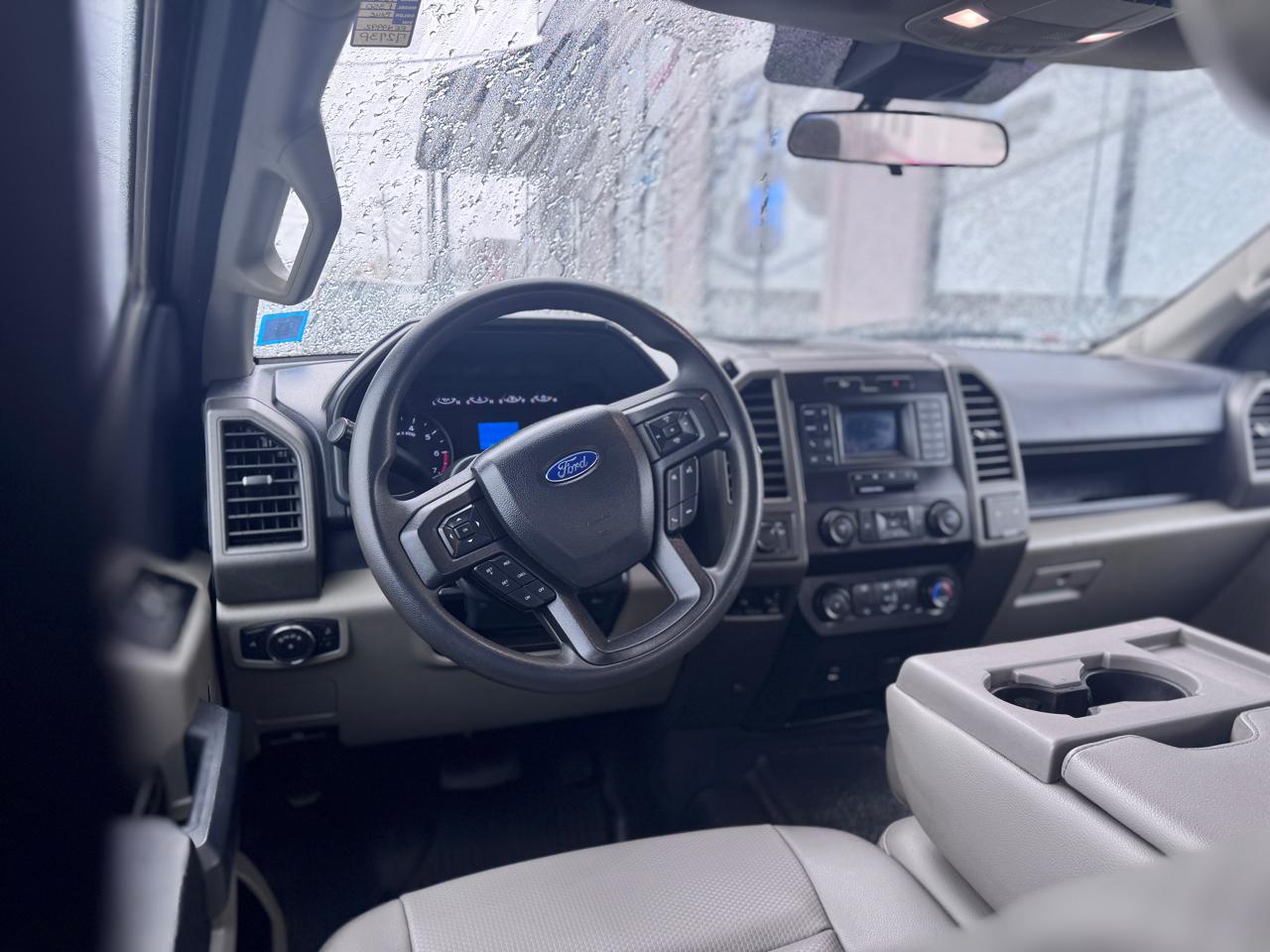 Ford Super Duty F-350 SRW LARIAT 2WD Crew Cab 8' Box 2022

---

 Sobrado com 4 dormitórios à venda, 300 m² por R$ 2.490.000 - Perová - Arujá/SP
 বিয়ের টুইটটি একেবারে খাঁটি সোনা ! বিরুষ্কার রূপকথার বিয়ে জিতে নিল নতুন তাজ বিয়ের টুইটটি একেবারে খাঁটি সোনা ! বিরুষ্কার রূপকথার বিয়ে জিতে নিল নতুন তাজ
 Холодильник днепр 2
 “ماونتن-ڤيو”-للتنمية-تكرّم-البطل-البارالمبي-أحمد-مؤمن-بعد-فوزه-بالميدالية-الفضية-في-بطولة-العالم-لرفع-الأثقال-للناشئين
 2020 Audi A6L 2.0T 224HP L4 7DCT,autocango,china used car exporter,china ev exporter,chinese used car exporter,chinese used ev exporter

--

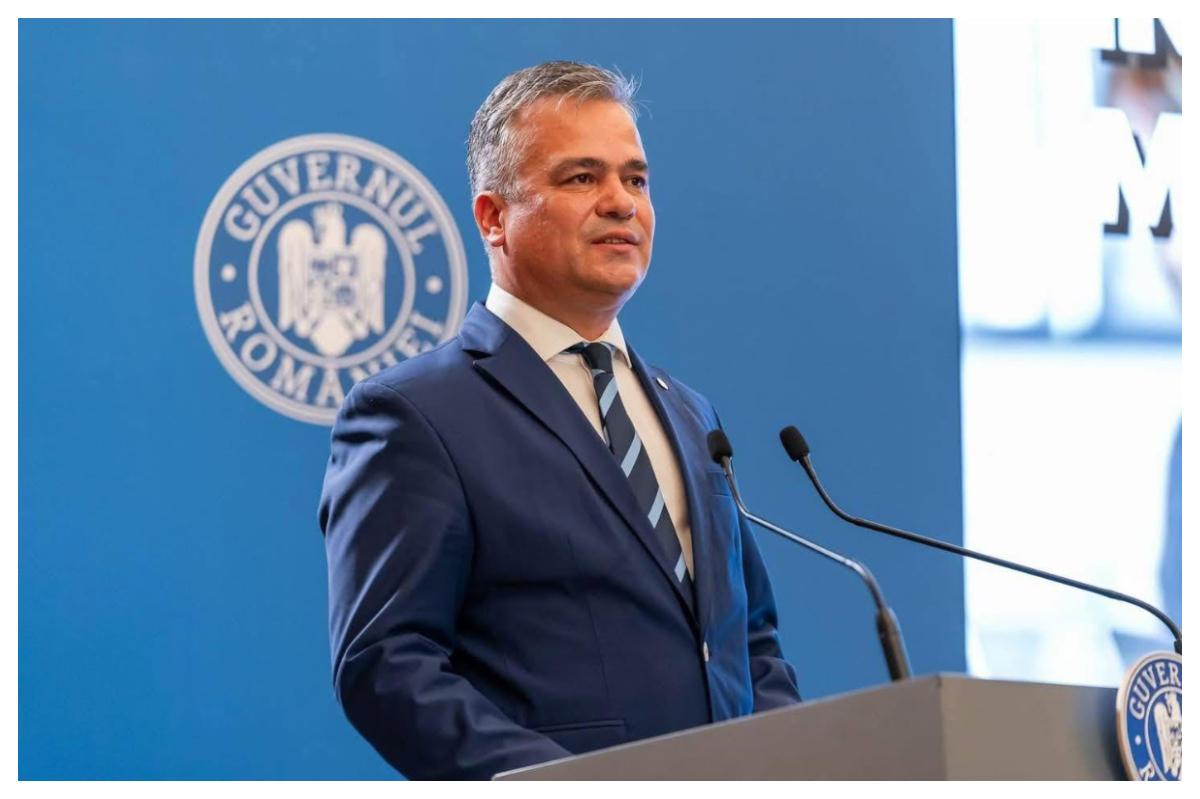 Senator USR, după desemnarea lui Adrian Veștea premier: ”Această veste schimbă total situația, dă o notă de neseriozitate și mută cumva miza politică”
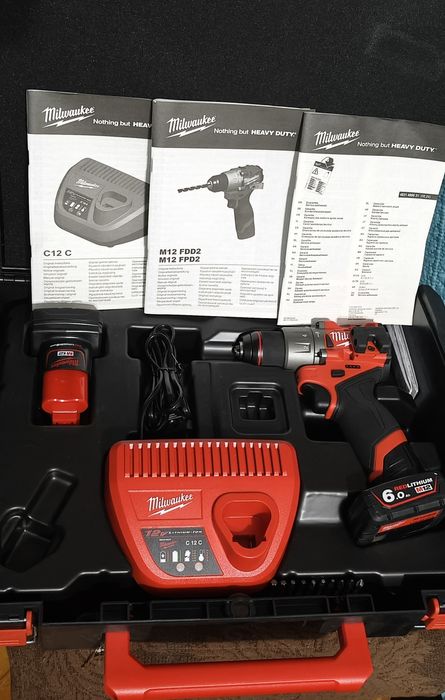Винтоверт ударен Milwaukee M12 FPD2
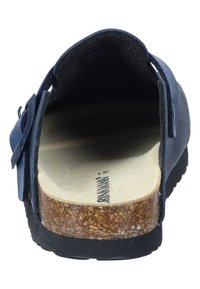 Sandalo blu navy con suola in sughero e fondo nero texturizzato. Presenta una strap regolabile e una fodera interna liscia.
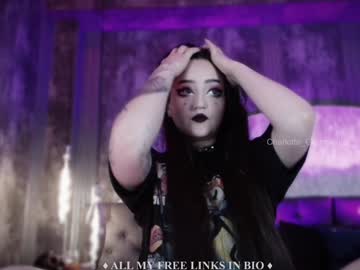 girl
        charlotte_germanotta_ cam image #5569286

#### [WHAT IS EXPECTED]
Go to the line with "Холодильник днепр 2" in the entries above and repeat every line from there through the line with "2020 Audi A6L", exactly and with no other text.

#### [OUTPUT FOR THIS EXERCISE]
 Холодильник днепр 2
 “ماونتن-ڤيو”-للتنمية-تكرّم-البطل-البارالمبي-أحمد-مؤمن-بعد-فوزه-بالميدالية-الفضية-في-بطولة-العالم-لرفع-الأثقال-للناشئين
 2020 Audi A6L 2.0T 224HP L4 7DCT,autocango,china used car exporter,china ev exporter,chinese used car exporter,chinese used ev exporter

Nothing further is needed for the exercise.